Nabeelah Hafeez had just left her studies at the University of Bradford and was running a little late for evening prayers. She headed for the nearest mosque she knew of, not one she had visited before.

Weighed down with her bags, books and the remains of a half-eaten sandwich left over from lunch, she rushed through the main doors of the building without really looking around, quickly removed her shoes as custom dictates, and hurried through to the main hall where prayers were about to start.

Too late, Nabeelah realised that she had made a big mistake, and was being stared at as though she was completely out of place.

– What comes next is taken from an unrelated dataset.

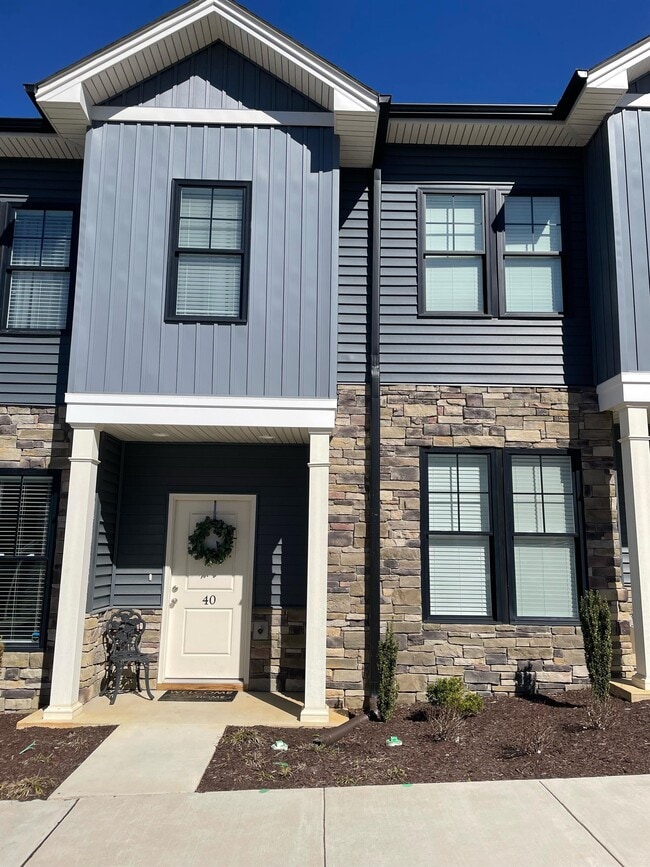 Photo - 40 High St Townhome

“Without knowing, I had just walked into the men-only space,” she says. “I plucked up the courage to look around at the disapproving expressions, some men awkwardly looking away, some depreciatively staring directly at me, shaking their heads, and some confused and disoriented at a female figure invading their space, slowly moving away.”

One of the men, out of kindness to Nabeelah, offered to show her to the women's prayer space in the mosque. Well, almost in the mosque. She was taken back outside through the grand main entrance and directed around the side of the building to a back door, labelled with a marker pen as the “women's prayer room”. It couldn't have been more different from the calm, ordered atmosphere of the main mosque.

“The first thing I noticed was the smell of dust and dampness,” remembers Nabeelah. “A few women were already praying, so I made my way in and slowly settled into a small space by the wall. Feeling disengaged due to the unpleasant surroundings, I completed my prayers quickly and then I left, promising myself I would never return to pray there again.”

There are almost a hundred mosques in Bradford and Keighley (a fair-sized town that's part of the Bradford metropolitan district). The website mosques.muslimsinbritain.org lists them all with their facilities represented by icons. A “W” means there is a women's space – but many of them have a W that is struck through, indicating the mosque is men-only.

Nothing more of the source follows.